Solution-processed fabrication has been regarded as a potential strategy that paves the way toward the advanced development of functional devices and applications due to the integration of compatibility with commercial microelectronics, low cost and achievable large-area synthesis.^1–5 With respect to photodetection, the involvement of a monolayer of graphene has emerged as a compelling solution that does not merely allow efficient sensing performances covering a wide range of illumination wavelengths, but provides further methods for the realization of a flexible photodetection platform due to its ultrathin nature and high mobility (up to 10⁵ cm² V⁻¹ s⁻¹).⁶ Nevertheless, its inherent limitations set against its practical applications correlated with diminishing effective bandgaps and large dark currents, resulted in a low detection responsivity of 10⁻³ to 10⁻¹ A W⁻¹.^7,8 To overcome these demanding problems, a hybrid strategy combining light sensitizers with desirable band gap energy and graphene has been extensively investigated. Several promising photo-absorbing media, such as ZnO,⁹ TiO₂,¹⁰ Si,¹¹ and MoS₂, have emerged in graphene-based photodetectors and been found to greatly improve sensing performances.¹² However, the involvement of complicated heterointerfaces between graphene and sensitizer materials created sophisticated charge-transfer characteristics across graphene/sensitizer interfaces,¹³ and thus more in-depth investigations still need to be undertaken.

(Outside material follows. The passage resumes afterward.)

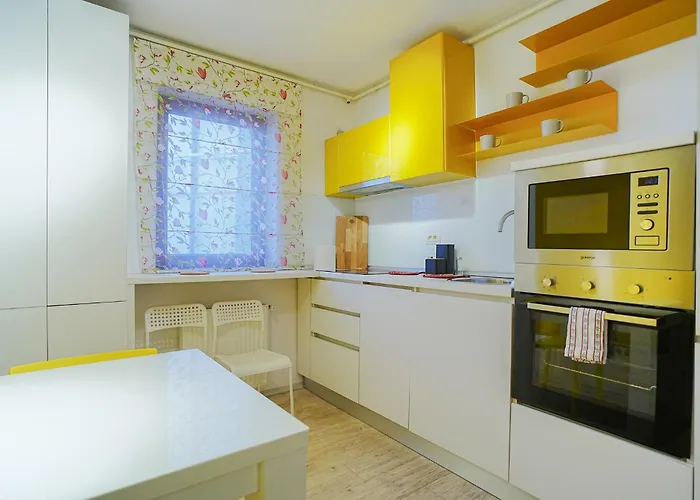 Hideaway Near Parliament Building *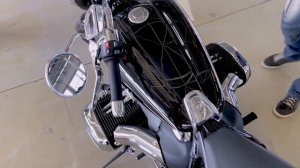 Распаковка и сборка BMW R18!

In addition, the effective thickness of light-absorptive nanostructures should be extremely thin to pursue the efficient extraction and collection of photogenerated carriers due to limited carrier lifetime and diffusion length.¹⁴ These features raised the issue of fabrication complexity and further restricted their applicability for the large-scale synthesis and preparation of sensing devices. Moreover, it remains highly challenging to uniformly and tightly adhere sensitizer nanostructures to graphene in a reliable way. These synthesis problems will inevitably cause friction with their mechanical robustness and long-term operational stability for photosensing operations. There is, therefore, a high demand to explore the facile utilization of solely carbon-based nanomaterials while retaining the capabilities of both efficient photon utilization and charge transport. Therefore, in this study, thickness-controllable carbon-quantum dot layers (CQDLs) were rationally formed, featuring an effective light-absorption and electron-collection layer that could substantially improve the photodetection capabilities of Si-based photodetectors. Facile in situ self-assembling deposition formed a CQDL with a tailored layer thickness which behaved as a self-powered photodetector, manifesting a remarkable photoresponsivity above 9.4 mA W⁻¹, and detectivity above 5.9 × 10¹² under broadband-light illumination, which were among the best values of reported single-QD based photodetectors. Explorations of the spatial dependence of light-trapping effects on layered QD structures were performed to elucidate the underlying broadband aspects of the photodetection performance.

Experimental details

Preparation of the thickness-controllable CQDLs

Glucose powder (purity = 99.5%) without further purification was calcined in an autoclave at 400 °C for 2 h. After that, the as-prepared samples were finely ground into fine powders, and then dispersed in deionized water under gentle sonication treatment for 1 h. Subsequently, the CQD solutions were filtered with a standard membrane with a pore size of 0.22 μm, and then dried at 70 °C in air. Monodispersed CQDLs on Si substrates were then prepared by drop coating while the thickness of the deposited CQDL could be adjusted with cycles of drop coating; then the samples were annealed in air at 100 °C for 30 min. To fabricate the photodetectors, 100 nm Ag and 150 nm Al as top and bottom electrodes, respectively, were directly deposited on CQDL surfaces using electron gun evaporation.

Characterization

The microstructures and surface morphologies of the CQDs were characterized with transmission electron microscopy (TEM, JEM-2100F) and scanning electron microscopy (SEM, Hitachi S-4800), respectively. The functional features of CQDs were analyzed with a Fourier transform infrared (FTIR, PerkinElmer Frontier) spectrometer. Crystallographic examinations were conducted with an X-ray diffractometer (Bruker AXS Gmbh) using Cu-K radiation as the X-ray source. Photoluminescent characterizations were conducted with a photoluminescent spectral system equipped with a light-emitting diode lamp (output power 780 mW and wavelength of 365 nm). X-ray photoelectron spectroscopy (XPS, PHI 5000 Versa Probe) was utilized to understand the surface compositions and chemical states through a monochromatic X-ray source (400 μm spot size, 36 W). Light-reflection spectra were measured with a UV-vis-NIR spectrometer (Hitachi U-3900H). Spatial field distributions of the devices under various light illuminations were modeled with Finite-Difference Time-Domain (FDTD) simulation.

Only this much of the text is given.